Comment 4 Stephen Gallagher 2019-06-19 16:57:00 UTC
(In reply to Martin Kolman from comment #3)
> (In reply to Stephen Gallagher from comment #2)
> > (In reply to Martin Kolman from comment #1)
> > > So, lets try to flash out how an initial implementation of this could look
> > > like. :)
> > > 
> > > I would recommend starting with these constraints for the initial version:
> > > - GUI only, no TUI support
> > 
> > See below; the implementation should be easy enough that the TUI could just
> > be `--ssh-keys-github-user=<github_username>` or similar.
> Sure, but one should still do some error checking, validation of the result, 
> possibly also check if network is available, etc.
> 

Network availability, maybe. But as for validation, I'm pretty sure the only real check is "not the empty string". Because otherwise, you can't actually validate the contents without having the private key to challenge it.

Comment 5 Martin Kolman 2019-06-20 10:16:24 UTC
(In reply to Stephen Gallagher from comment #4)
> Network availability, maybe. But as for validation, I'm pretty sure the only
> real check is "not the empty string". Because otherwise, you can't actually
> validate the contents without having the private key to challenge it.
Well, you can check the length looks about right, but otherwise yes, the first SSH login attempt will be the real validation. :)

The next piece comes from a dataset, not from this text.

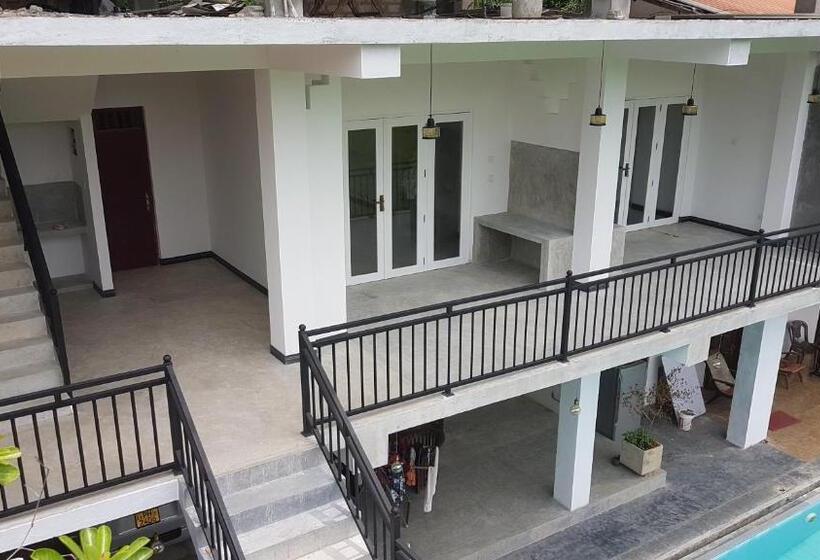 デラックスルーム, Royal Ace Unawatuna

Comment 6 Jakub Jelen 2019-06-24 08:48:47 UTC
If you have access to ssh-keygen in the installation, it should be possible to generate at least the fingerprint of the ssh key so the users can verify it against their private key on different screen. I think this would be very desirable. For example the following output is something that can be verified by the user, making sure the key is not malformed and matches their private part:

$ ssh-keygen -lf ~/.ssh/id_rsa.pub
4096 SHA256:N6rTuZq5m69Tw2Nh5SicH5tysCOcnLeSE4UqEwJVrbw RSA jjelen@t470s.jjelen.redhat.com (RSA)

Alternatively, there are other ways to generate the same fingerprint using sha256sum, base64 and other tools. But if possible, I would recommend sticking with the ssh-keygen.

Comment 7 Jakub Jelen 2020-02-19 15:31:27 UTC
FYI, I just stumbled upon a tool ssh-import-id, which does exactly this and which could be used internally:

http://manpages.ubuntu.com/manpages/bionic/man1/ssh-import-id.1.html

It can do the import from github (not that simple wget would not do that), but it is additionally focused on Ubuntu and Launchpad accounts, but it might be possible to extend to pull ssh keys from FAS (or new FAS as it will be done).

Out of the curiosity, is there any progress or plans to follow up on this?

Comment 8 Vendula Poncova 2020-02-21 11:38:32 UTC
Hi, at this moment, there are no plans for implementing this feature in Anaconda. However, I don't think it needs to be implemented in Anaconda, the same functionality could be provided by a nice little addon.